Opinion
Civil Action 1:21-CV-495
05-04-2022
MEMORANDUM
Christopher C. Conner United States District Judge Middle District of Pennsylvania
This is a prisoner civil rights case under 42 U.S.C. § 1983 in which plaintiff David Stokes, a prisoner in the State Correctional Institution-Huntingdon (“SCI-Huntingdon”), alleges that defendant Sgt. Reihart impermissibly entered his cell and took several items of his personal property. The case is presently before the court on plaintiff's motion to compel discovery and the parties' cross motions for summary judgment. We will grant the motion to compel discovery in part and deny it in part and we will deny the motions for summary judgment without prejudice pending defendant's production of the relevant discovery materials.

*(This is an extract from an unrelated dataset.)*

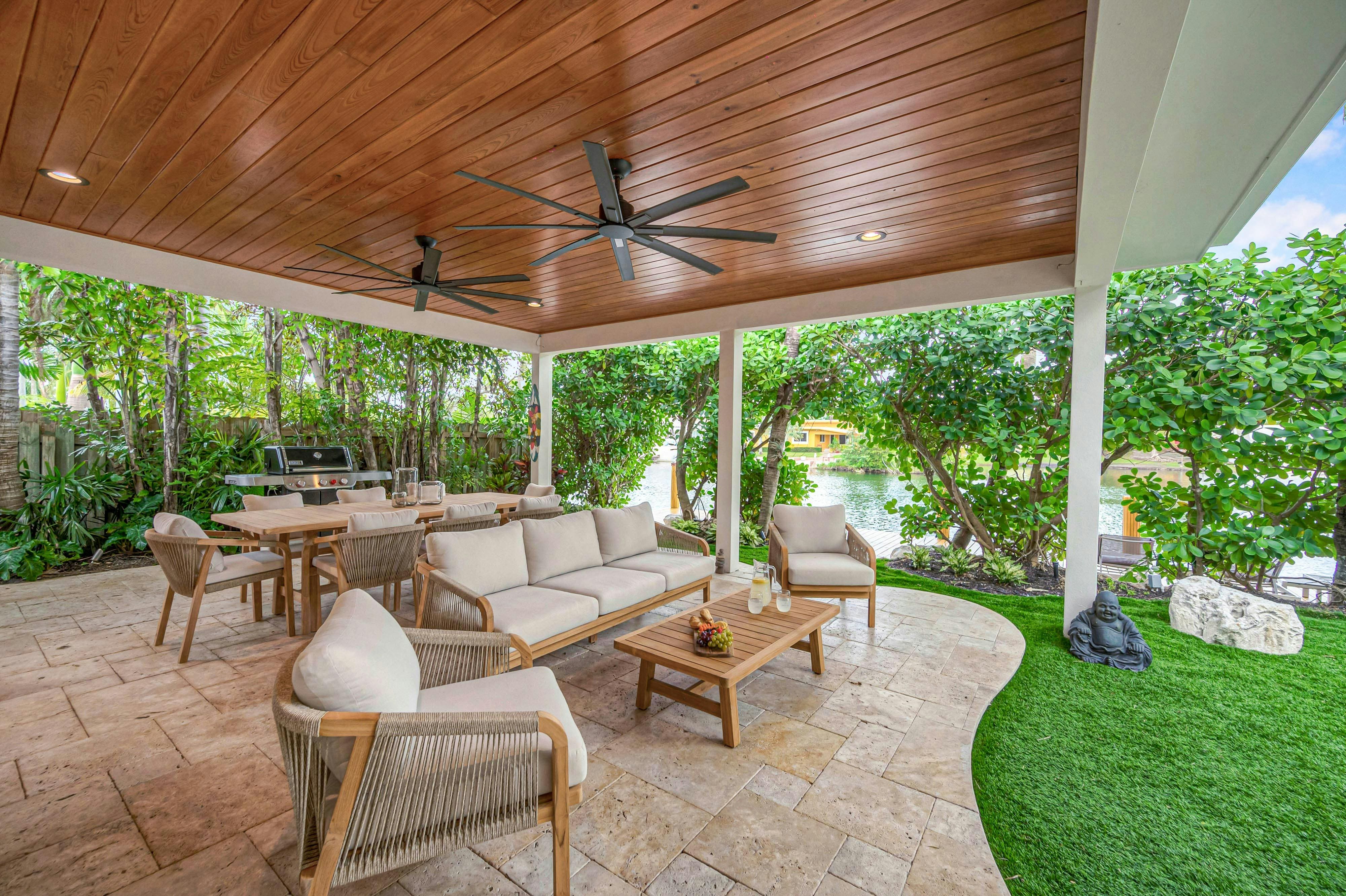 House Sabal FortLauderdale Fort Lauderdale 3: Exquisite 4-Bedroom House with Pool and Seaview, Fort Lauderdale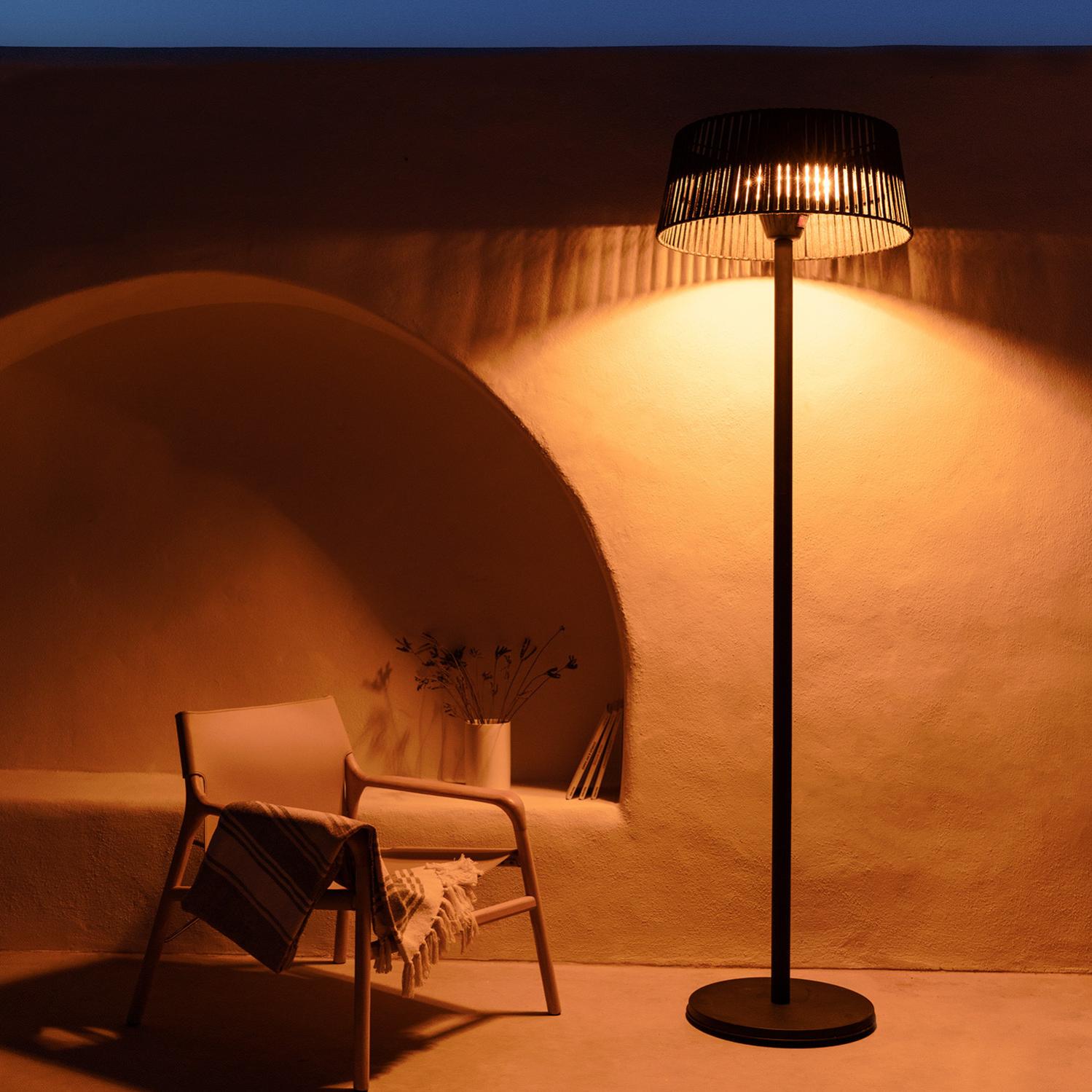 PATIO HEATER Chauffage infrarouge pour terrasses et extérieurs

I. Factual Background & Procedural History
Stokes initiated this case through the filing of a complaint on March 19, 2021. (Doc. 1). The complaint alleges that on September 5, 2020, defendant Reihart entered Stokes's cell while he and his cellmate were absent and took several items of personal property that belonged to Stokes. (Id. at 3). The complaint names Reihart as a defendant along with several supervisory defendants and seeks monetary and injunctive relief. (Id. at 3-4).
On April 12, 2021, United States District Judge Yvette Kane dismissed all defendants other than Reihart for Stokes's failure to allege their personal involvement and directed that Reihart be served with process. (Doc. 10). Reihart answered the complaint on May 28, 2021. (Doc. 15).
On January 12, 2022, Stokes filed a “reply to defendant's response to plaintiff's request for production of documents.” (Doc. 21). Judge Kane liberally construed this filing as a motion to compel discovery and ordered Reihart to file a response to the motion on or before January 13, 2022. (Doc. 23). Reihart did not file a response by that deadline and has not done so to date. The case was reassigned to the undersigned by verbal order on February 14, 2022. Both parties have since moved for summary judgment. (Docs. 25, 27).
On the same day that Stokes filed his complaint in the instant case, his cellmate, William L. Breeden, also filed a complaint against Reihart and several supervisory defendants based on Reihart's allegedly impermissible entrance into his cell and confiscation of personal property. See Breeden v. Reihart, No. 1:21-CV-496 (M.D. Pa. filed March 19, 2021). That case is assigned to the undersigned and has proceeded on a path largely parallel to this one, as all defendants other than Defendant Reihart have been dismissed from the case for lack of personal involvement, plaintiff has sought to compel discovery responses from defendants, and the parties have filed cross motions for summary judgment.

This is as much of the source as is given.